Segment Start: Data records

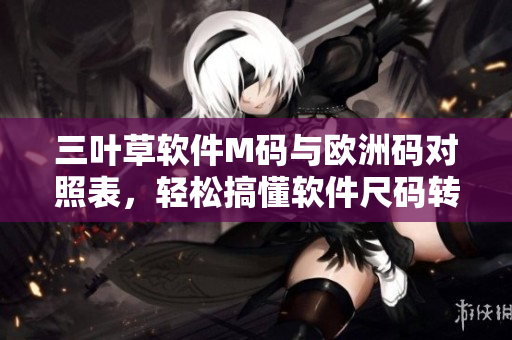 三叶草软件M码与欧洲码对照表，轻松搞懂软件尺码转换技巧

Segment End: Data records
Segment Start: Data records

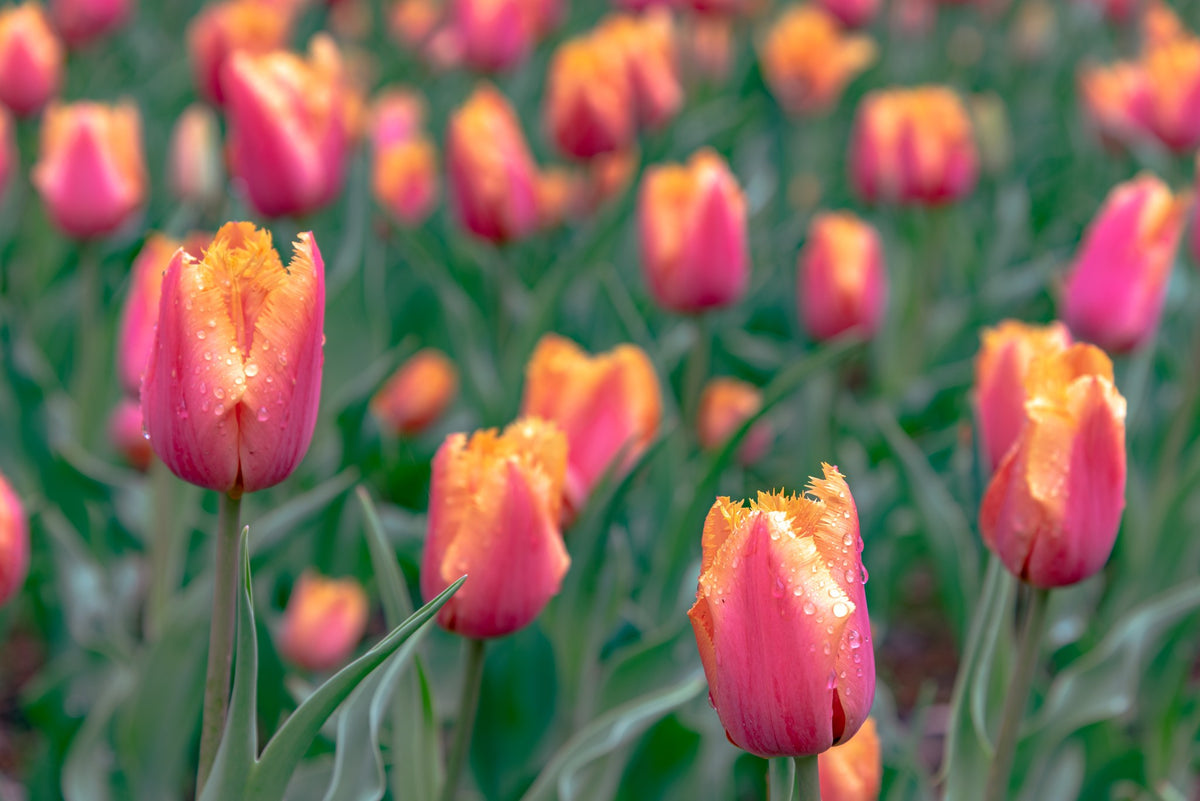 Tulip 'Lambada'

Segment End: Data records
Segment Start: Data records

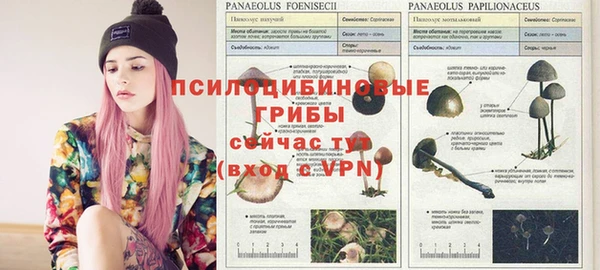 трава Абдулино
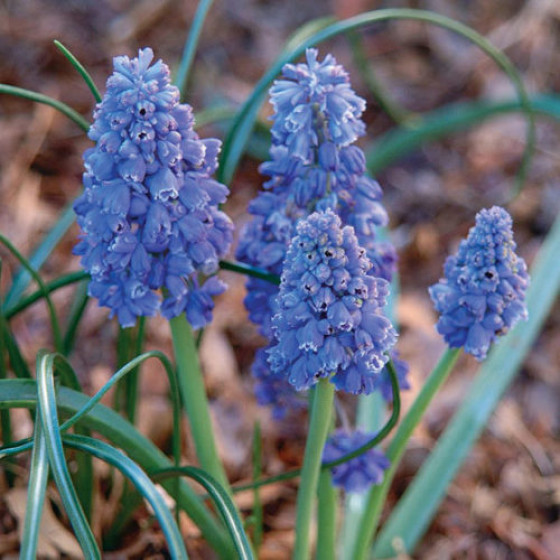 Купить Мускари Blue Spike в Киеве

Segment End: Data records

Your goal: For this task, return exactly the stretch of the listing above from the line with "трава Абдулино" through the line with "Купить Мускари Blue Spike в Киеве", inclusive and without pictures.

Result of the exercise:
 трава Абдулино
 Купить Мускари Blue Spike в Киеве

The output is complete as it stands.